In the longer term Martin is likely to be proven right but for the moment the electorate has a score to settle with Fianna Fáil and that is his problem.
His task is to hold enough seats in the election to ensure that the party comes back as a coherent opposition force. To that extent the manifesto was an important success because it gives Fianna Fáil a coherent position not only on the economy but on political reform.
At one level the political reform proposals were an obvious attempt by Fianna Fáil to shift the centre of debate away from the topic of the economy, on which the voters are so resistant to the party’s message, and on to one where they can be on the side of the angels.
Still, there is a lot of merit in the Fianna Fáil proposals and some originality as well. Others have suggested abolishing the Seanad and changing the electoral system but reforming the operations of government so that ministers no longer serve as constituency TDs and opening up government to non-politicians are brave suggestions.

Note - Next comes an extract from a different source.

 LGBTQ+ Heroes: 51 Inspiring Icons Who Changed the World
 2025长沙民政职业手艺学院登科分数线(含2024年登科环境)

A key element of the plan is that ministers on their appointment to cabinet will hand over their Dáil seats to an alternate who functions as a TD. Ministers will still be responsible to the Dáil for their actions but they will not be burdened with the normal chore of constituency work.
Martin, who as minister for foreign affairs and minister for enterprise saw at close hand how the demands of senior positions like this were incompatible with the work of a constituency TD, strongly defended the proposal. He pointed out that in most western democracies, apart from Britain, ministers do not have to be members of parliament.
This and other reforms, including changes in the electoral system to single-seat constituencies, allied to a list to keep it proportional, are serious ones that will require a lot of debate and ultimately a constitutional referendum.
As with the party’s economic policies the major criticism is that during 14 years in power Fianna Fáil did nothing to address the problem and it is a bit late now. Martin didn’t come up with a satisfactory answer when he was asked at the launch press conference why he never publicly supported his retiring colleague Noel Dempsey, who battled to get the cabinet to reform the electoral system and reduce the number of TDs.
For all that, the commitment to serious political reform is welcome. It may not win too many votes in this election, given the fact that according to last week’s Irish Times poll the voters don’t rate it as a very important issue, but it may be significant in the longer term as the entire political system struggles with the need for serious reform.
Fine Gael and the Labour Party published their own proposals on reform yesterday and the whole topic deserves serious treatment by the incoming government.
To their plans to abolish the Seanad, reduce the number of TDs and give them far more input into legislation, Fine Gael came up with proposals to cut the salaries and perks of politicians. One change aimed at embarrassing the current Government was an end to the ludicrously generous system of transition payments and pensions available to retiring ministers.
Martin made the fair point when asked about his own transition payments as an ex-minister that if money was the issue he would have been financially much better off not running again. Instead he has opted to lead his party in the most difficult possible set of circumstances.
Labour also came up with a plan for political reform. It is focused on making the Dáil work harder and longer and a constitutional convention to consider the future of the Seanad.
Whatever the outcome it looks as if the 31st Dáil will set about a serious look at reforming the way politicians conduct the nation’s business.